Zeitgenössische Aufnahme des deutschen Literatur- und Kulturkritikers und Essayisten Walter Benjamin.
Der Philosoph, Publizist, Übersetzer und Literaturkritiker Walter Benjamin gilt seit den frühen 1960er-Jahren als einer der bedeutendsten deutschen Intellektuellen des 20. Jahrhunderts. Bildrechte: picture alliance/dpa | Heinzelmann

Klassikerlesung | 11.09. - 29.09. 2023 Walter Benjamin: "Frische Feigen" und andere Prosa

08. September 2023, 04:00 Uhr

Walter Benjamin gilt seit den frühen 1960er-Jahren als einer der bedeutendsten deutsch-jüdischen Intellektuellen des 20. Jahrhunderts. Als Philosoph, Publizist, Übersetzer und Literaturkritiker machte er sich einen Namen. In seinen Büchern widmete sich Walter Benjamin verschiedenen Themen in einer von Metaphern angereicherten Sprache. In dieser Lesung hören Sie unter anderem Reiseberichte über Neapel und Marseille, wo Benjamin mit Haschisch experimentierte. Andere Texte drehen sich um Genüsse wie die von "frischen Feigen" oder "Borschtsch", es geht um das Sammeln, um die Kindheit, um das Träumen ... Und immer erzählen Benjamins Beobachtungen auch etwas über sein Leben. Es liest Daniel Minetti.

Walter Benjamin war neugierig

Wenn Walter Benjamin verreiste, bewegte er sich wie ein Flaneur durch die fremden Städte und Landschaften. Vielleicht kann man sagen: Er atmete eine Stadt über seine Schritte ein. Er verfasste einige "Städtebilder" und besonders viel schrieb er über Paris, wohin ihn die Machtübernahme der Nationalsozialisten 1933 ins Exil zwang. Bis zu seinem Lebensende arbeitete er hier am "Passagen-Werk", Benjamins großes Buch über Paris und gleichzeitig sein Entwurf einer materialen Geschichtsphilosophie.
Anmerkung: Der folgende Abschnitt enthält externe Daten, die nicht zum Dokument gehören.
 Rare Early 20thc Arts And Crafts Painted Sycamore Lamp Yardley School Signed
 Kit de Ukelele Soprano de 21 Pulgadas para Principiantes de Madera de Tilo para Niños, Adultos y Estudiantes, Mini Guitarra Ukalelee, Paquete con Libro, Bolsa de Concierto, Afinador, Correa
Das Porträt über Neapel verfasste er um 1925 zusammen mit der lettischen Schauspielerin, Regisseurin und Theaterleiterin Asja Lācis, mit der er auch eine Liebesbeziehung hatte, und die ihn mit Bertolt Brecht bekannt machte. 1925 hielt sich Benjamin mehrere Wochen am Golf von Neapel auf, in Capri. Hier traf er auch Theodor W. Adorno und Siegfried Kracauer.
In dem Text "Nordische See" findet Benjamin bis heute gültige Worte zum nordischen Design:

Die Dinge sind blank: Holz ist Holz, Messing ist Messing, Ziegel Ziegel. Sauberkeit treibt sie in sich zurück, macht sie mit sich bis ins Mark identisch. So werden sie stolz, wollen draußen nicht viel.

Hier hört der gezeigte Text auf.